I thought I had college all worked out but now I’m not so sure. 

There’s nothing irresponsible about switching course, says our elder. Give yourself time to figure out your path.


Dear EWC

Hi! I am currently a sophomore in college pursuing a bachelor’s degree in Psychology. I picked this specific major as well as university because they have an accelerated program that is offered where you can apply to get your bachelor’s degree along with a master’s degree in counseling all in five years’ time. I chose this program because, coming into college, I was a little unsure what I wanted to do with my psychology degree, and I wanted to try and save as much money as possible. So, getting two degrees with only one added year sounded ideal. I knew coming into college that the program was difficult to get into but I was ready for the challenge.
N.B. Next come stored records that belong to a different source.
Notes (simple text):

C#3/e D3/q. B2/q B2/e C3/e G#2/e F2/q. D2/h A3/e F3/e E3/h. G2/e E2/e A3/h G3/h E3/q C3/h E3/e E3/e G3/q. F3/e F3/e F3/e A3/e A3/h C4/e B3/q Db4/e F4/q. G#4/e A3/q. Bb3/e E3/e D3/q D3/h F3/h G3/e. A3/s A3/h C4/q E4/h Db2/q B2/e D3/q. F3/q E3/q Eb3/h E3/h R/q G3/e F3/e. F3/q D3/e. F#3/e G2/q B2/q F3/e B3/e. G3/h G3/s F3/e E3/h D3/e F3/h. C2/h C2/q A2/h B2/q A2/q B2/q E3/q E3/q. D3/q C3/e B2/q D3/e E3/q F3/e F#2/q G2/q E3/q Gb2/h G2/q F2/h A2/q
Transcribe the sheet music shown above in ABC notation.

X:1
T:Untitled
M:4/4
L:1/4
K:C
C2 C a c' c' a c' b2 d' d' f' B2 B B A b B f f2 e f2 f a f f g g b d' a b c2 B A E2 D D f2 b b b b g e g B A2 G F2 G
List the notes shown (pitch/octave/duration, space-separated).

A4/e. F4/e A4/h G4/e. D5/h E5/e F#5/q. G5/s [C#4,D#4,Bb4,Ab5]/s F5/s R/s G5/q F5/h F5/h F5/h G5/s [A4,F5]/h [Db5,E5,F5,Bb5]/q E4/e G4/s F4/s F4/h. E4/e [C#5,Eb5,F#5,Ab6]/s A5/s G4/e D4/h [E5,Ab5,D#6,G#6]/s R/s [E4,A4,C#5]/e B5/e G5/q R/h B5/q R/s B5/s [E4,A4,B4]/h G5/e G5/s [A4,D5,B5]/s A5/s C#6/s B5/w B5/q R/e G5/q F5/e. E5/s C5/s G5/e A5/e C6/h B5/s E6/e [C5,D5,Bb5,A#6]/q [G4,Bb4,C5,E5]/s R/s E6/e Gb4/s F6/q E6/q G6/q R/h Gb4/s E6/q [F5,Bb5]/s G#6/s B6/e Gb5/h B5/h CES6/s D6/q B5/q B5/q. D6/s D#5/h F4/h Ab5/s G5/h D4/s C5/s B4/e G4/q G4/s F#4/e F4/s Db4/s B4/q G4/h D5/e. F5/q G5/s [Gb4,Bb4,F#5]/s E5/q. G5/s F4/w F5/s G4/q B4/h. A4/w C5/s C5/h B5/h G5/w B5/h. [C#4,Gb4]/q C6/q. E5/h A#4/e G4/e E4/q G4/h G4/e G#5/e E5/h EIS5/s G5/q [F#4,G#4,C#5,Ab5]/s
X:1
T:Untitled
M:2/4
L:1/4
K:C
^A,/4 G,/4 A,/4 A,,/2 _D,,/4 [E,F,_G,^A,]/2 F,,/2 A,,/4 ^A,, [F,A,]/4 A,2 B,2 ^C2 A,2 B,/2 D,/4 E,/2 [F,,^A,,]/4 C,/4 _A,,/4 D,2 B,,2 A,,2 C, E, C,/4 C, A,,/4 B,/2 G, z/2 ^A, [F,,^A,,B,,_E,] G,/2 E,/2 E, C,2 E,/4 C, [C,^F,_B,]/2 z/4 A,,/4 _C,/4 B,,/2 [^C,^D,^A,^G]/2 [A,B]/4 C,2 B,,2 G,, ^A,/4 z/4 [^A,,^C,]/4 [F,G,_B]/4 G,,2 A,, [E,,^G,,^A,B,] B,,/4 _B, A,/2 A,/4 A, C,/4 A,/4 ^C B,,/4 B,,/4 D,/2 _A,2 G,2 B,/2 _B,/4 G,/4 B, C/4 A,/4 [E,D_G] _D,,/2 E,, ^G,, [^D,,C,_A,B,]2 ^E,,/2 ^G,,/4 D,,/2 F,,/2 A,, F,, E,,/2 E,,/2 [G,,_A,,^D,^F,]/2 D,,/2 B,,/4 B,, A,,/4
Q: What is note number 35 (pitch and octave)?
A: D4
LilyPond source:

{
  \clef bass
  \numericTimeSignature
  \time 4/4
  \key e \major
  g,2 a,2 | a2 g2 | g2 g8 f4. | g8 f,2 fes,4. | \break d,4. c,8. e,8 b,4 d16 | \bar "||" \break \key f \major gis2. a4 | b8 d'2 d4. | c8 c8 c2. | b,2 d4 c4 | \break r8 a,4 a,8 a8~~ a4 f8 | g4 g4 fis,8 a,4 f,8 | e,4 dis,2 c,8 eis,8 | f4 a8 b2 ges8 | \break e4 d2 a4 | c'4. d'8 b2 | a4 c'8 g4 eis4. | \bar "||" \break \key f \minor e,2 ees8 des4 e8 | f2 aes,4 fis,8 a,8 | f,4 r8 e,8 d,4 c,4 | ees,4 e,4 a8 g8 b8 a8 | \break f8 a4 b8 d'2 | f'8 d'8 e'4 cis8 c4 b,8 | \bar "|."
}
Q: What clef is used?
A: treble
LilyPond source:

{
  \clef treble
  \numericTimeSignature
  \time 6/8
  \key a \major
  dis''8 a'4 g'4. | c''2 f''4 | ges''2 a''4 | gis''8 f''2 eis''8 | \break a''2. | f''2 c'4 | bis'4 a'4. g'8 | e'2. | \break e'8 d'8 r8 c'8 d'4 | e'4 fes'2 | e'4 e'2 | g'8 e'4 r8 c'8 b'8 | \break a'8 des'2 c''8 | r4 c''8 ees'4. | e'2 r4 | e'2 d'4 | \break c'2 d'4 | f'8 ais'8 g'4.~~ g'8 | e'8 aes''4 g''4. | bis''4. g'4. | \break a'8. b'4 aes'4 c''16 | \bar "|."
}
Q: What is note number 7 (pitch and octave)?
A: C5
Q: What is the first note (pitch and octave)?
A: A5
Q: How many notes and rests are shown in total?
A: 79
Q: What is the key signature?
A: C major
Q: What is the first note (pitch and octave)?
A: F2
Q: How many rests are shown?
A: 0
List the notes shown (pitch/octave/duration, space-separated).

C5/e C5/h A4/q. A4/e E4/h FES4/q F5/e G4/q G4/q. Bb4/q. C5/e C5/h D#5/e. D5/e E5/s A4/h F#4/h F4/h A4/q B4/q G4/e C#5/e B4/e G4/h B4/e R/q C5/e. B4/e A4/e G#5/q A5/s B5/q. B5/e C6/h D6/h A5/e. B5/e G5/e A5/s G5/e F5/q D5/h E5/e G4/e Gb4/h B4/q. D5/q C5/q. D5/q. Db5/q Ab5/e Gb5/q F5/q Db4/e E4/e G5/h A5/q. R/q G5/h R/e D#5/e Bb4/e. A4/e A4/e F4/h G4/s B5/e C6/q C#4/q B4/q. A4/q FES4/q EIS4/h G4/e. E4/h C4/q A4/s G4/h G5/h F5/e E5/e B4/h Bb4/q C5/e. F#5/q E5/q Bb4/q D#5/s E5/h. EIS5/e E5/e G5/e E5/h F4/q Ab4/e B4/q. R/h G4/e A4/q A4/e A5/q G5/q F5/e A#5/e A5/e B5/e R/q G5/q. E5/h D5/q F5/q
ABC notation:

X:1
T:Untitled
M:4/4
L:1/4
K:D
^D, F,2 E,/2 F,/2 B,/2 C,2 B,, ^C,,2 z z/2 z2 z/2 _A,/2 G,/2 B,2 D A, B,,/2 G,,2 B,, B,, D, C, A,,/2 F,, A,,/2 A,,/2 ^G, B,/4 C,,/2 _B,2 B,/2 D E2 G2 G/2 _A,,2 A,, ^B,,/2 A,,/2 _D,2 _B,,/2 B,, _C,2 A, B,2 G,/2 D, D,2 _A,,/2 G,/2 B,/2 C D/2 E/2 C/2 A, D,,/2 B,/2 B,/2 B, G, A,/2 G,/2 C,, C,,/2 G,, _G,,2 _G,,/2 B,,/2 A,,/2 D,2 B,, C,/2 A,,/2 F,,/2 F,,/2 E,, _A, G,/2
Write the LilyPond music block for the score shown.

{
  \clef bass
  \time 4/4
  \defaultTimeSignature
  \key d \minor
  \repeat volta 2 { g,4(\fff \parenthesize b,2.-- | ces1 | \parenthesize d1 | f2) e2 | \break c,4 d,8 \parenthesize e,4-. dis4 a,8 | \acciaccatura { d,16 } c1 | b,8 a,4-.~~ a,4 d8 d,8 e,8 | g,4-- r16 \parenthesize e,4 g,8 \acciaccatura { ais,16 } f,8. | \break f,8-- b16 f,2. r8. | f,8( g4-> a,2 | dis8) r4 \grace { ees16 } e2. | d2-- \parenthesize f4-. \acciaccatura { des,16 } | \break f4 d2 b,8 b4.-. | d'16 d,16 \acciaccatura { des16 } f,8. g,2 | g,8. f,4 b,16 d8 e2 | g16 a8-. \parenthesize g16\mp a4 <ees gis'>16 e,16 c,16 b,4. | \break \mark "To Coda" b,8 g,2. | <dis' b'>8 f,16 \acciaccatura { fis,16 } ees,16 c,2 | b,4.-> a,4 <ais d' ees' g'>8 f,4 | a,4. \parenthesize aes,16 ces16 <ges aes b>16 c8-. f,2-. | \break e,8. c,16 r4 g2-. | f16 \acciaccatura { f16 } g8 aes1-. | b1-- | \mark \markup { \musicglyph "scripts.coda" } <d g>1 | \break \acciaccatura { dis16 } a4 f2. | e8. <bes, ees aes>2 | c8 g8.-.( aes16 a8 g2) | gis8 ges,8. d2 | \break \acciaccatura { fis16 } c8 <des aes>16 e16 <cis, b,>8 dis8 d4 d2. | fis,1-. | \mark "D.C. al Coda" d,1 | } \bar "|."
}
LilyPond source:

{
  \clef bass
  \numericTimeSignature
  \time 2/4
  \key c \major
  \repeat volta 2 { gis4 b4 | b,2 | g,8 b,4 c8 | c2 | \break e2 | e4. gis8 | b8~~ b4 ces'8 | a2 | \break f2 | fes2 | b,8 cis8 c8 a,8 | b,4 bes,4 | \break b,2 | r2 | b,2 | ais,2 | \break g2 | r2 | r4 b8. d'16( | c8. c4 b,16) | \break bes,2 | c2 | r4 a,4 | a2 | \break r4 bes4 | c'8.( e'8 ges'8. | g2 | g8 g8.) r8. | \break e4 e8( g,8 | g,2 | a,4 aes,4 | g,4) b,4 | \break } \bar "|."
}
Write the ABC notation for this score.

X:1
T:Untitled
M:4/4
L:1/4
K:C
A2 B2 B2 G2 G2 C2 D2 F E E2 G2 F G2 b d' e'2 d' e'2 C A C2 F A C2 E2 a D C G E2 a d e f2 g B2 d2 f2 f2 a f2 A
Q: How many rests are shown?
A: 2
I was a straight A student in high school, and have always performed well academically. 

The problem I am running into now is I feel unsure about whether or not I still want to join the program. Next year, my third year, is when I have to officially decide what I am doing and as that decision gets closer, I feel more unsure about what I want. I am not sure I want to go into counseling as well as if I am ready for the extremely heavy and intense course load that is about to come. I also feel as though I would really appreciate taking my time and getting as much as I can from a four-year bachelor’s program before deciding on grad school options. Another factor holding me back is the college experience itself. I have become really close with the other psych majors in my year and I would love to be able to continue on the same path with them and be able to walk at graduation with all my friends instead of a year early. But the program is the main reason I came here, and not doing it seems like an irresponsible decision.


Ketchman replies

It’s not unreasonable to change your mind. People do it all the time when they get additional information or experiences bearing upon a previous decision. There’s nothing irresponsible about that. What would be unreasonable would be to press on with a decision you’re no longer confident in just because, well, you once made that decision. 

Saving time, in your case about a year, isn’t always the best way to go. Taking that additional year – if, indeed, you still want to go into counseling – will provide some more space to consider if that’s truly the path you want to follow and, if it is, can well give you a deeper learning experience than one characterized by rushed and intense class work with insufficient time for reflection and research. Of course, taking the customary route to a master’s degree will entail some more expense but, if you can handle that it might turn out for the best in the long run.

I wish you success, whatever your decision. I’m glad to have had the opportunity to offer an opinion to you. I hope it helps.